Unter 2000 Euro Budget solltest du dich nach einem guten Rennrad umsehen, denn in dieser Preisklasse gibt es leider kaum brauchbare echte Triathlonräder. In der Preisklasse von 2000 bis 3000 Euro findest du bereits Räder mit einer sehr guten Ausstattung. Dank einiger Carbon-Teile ist das Gewicht deutlich reduziert und du bekommst schon eine hochwertige Felgenbremse.
Mechanische Felgenbremsen oder hydraulische Scheibenbremsen sind in der Oberklasse standard. Dort ist zudem die Schaltung nochmal deutlich verbessert und das Gewicht sowie die Aerodynamik sind weiter optimiert.
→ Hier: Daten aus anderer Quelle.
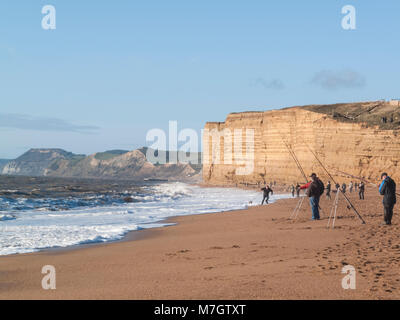 Dog walker catturati dalla marea Foto Stock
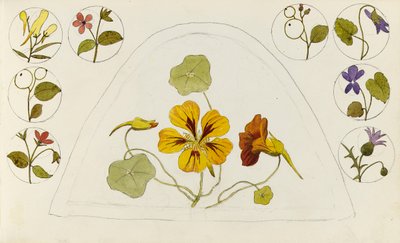 金莲花和其他花卉的设计 作者 粉红板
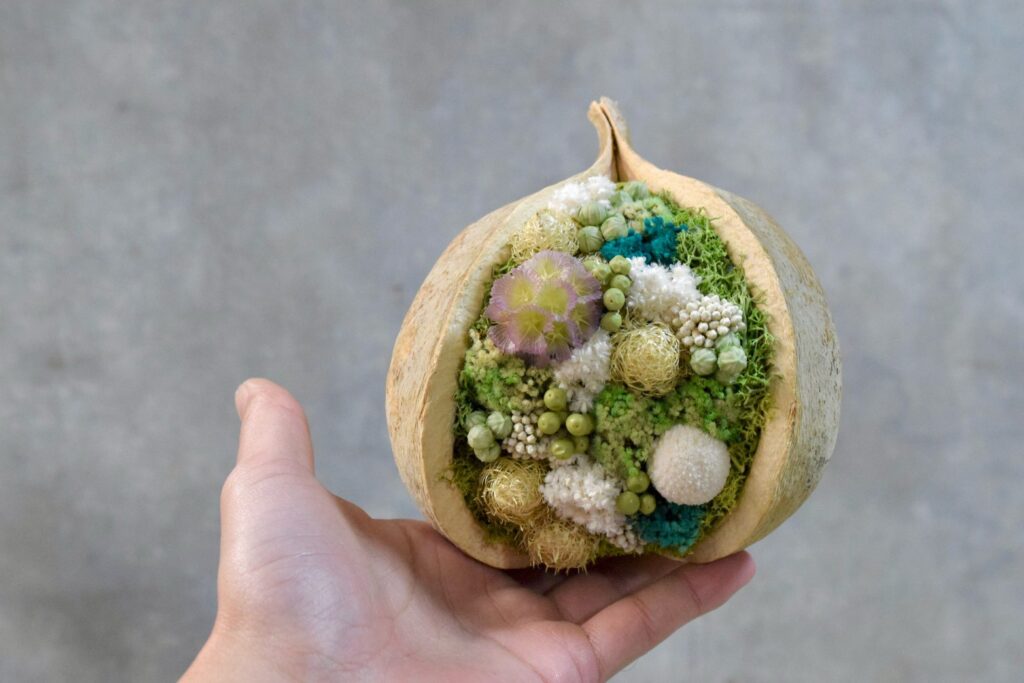 東京の花屋『叢屋kusamuraya』が手がける幸福をもたらすと言われる縁起物のブッダナッツを器にしたドライフラワーアレンジ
Allerdings liegen die Preise schon zwischen 3000 und 4000 Euro. Nach oben ist allerdings kein Limit gesetzt. In der High-End Klasse finden sich nicht selten Räder über 10.000 Euro. Deren Teile bestehen fast nur aus Carbon und wiegen fast nichts mehr. Natürlich sind Bremsen und Schaltung auf dem höchsten Niveau.
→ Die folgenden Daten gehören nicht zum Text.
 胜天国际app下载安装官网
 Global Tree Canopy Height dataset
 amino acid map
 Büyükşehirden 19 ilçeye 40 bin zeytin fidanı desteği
Wie finde ich den optimalen Sattel?

Den einen perfekten Sattel gibt es nicht. Wichtig ist, sich individuell beraten zu lassen und verschiedene Sattel zu testen. Zu Beginn jeder Probefahrt verursacht der Sattel Schmerzen, da sich die Knochenhaut leicht entzündet. Das ist völlig normal. Nach mehreren Touren sollten die Schmerzen allerdings verschwinden.
Du solltest vor dem Kauf deine Sitzhöcker vermessen lassen. Denn dieser Abstand bestimmt die Breite deines Sattels. Es soll schließlich zu keiner Reibung an den Oberschenkeln kommen.
Natürlich solltest du nur zu einem geschlechtsspezifischen Sattel greifen. Die Aussparung beim Triathlonsattel für Männer verläuft längs über die Mitte, bei einem Damensattel befindet sich die Vertiefung im vorderen Bereich.
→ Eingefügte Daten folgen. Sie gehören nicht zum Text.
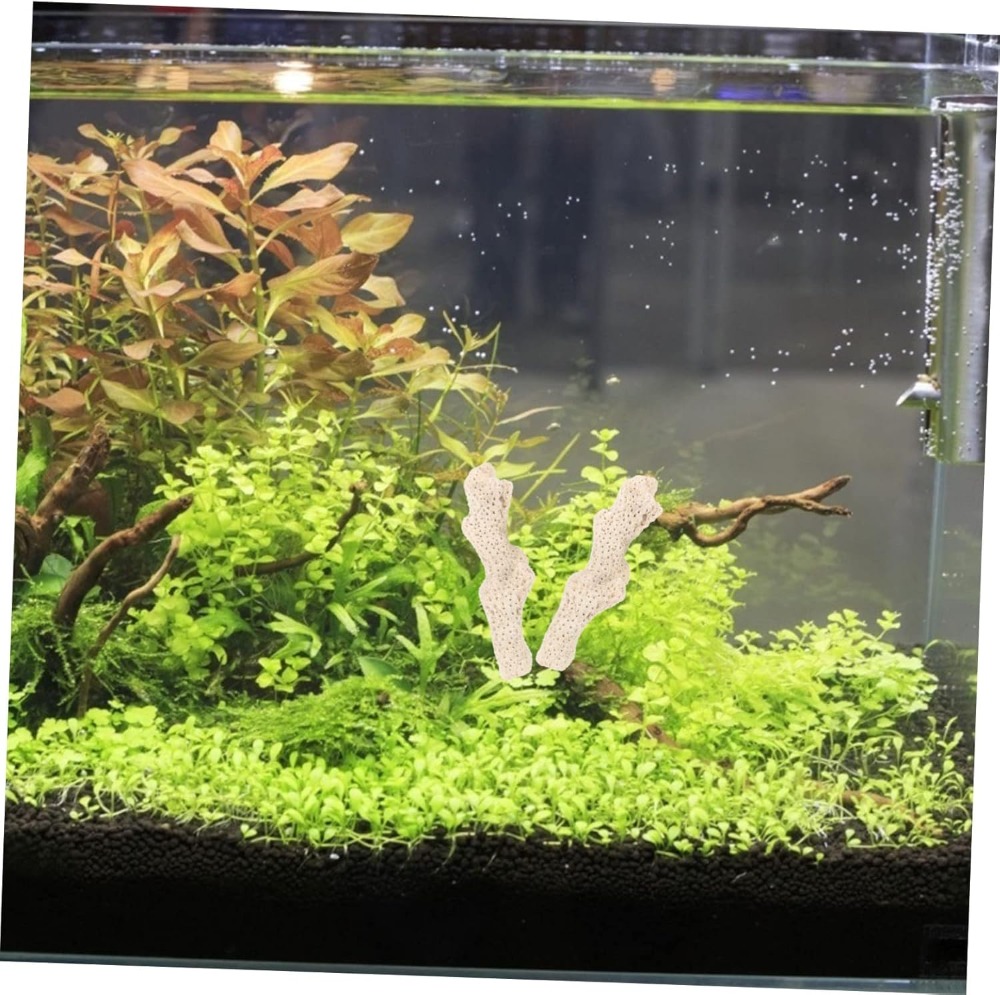 Crushed Coral Filter for Fresh - Aquarium Fish Usa reseña y precio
Wie stelle ich die richtige Sattelhöhe ein?

Klinke dein Fahrrad am besten in einen Radtrainer ein und setze dich auf das Bike. Stelle die Kurbel senkrecht und setze deine Ferse auf das untere Pedal. Dein Bein sollte gerade durchgestreckt sein. Oder du benutzt folgende Formel:
Schrittlänge x 0,885 = Sattelhöhe (Mitte des Tretlagers bis zur Satteloberkante)
Bei der richtigen Sitzposition sparst du Energie und entlastest zudem deinen Magen. Daher ist es wichtig, seine perfekte Sitzposition zu finden und diese regelmäßig zu überprüfen.

Fazit

Triathlon ist eine der am schnellsten wachsenden Sportarten, sodass mittlerweile auch die Auswahl an hochwertigem Equipment sehr umfangreich ist. Triathleten brauchen natürlich sowohl im Training als auch im Wettkampf eine sportartspezifische Ausrüstung, um immer bessere Leistungen bringen zu können.
Ob sich für dich die Investition in ein echtes Triathlonrad lohnt, hängt davon ab, wie intensiv du diesen Sport ausüben möchtest. Natürlich lässt sich ein Triathlon mit jedem beliebigen Fahrrad absolvieren, aber deine Zeit wird vom Equipment stark beeinflusst. Es zählen vor allem die Aerodynamik und das Gewicht.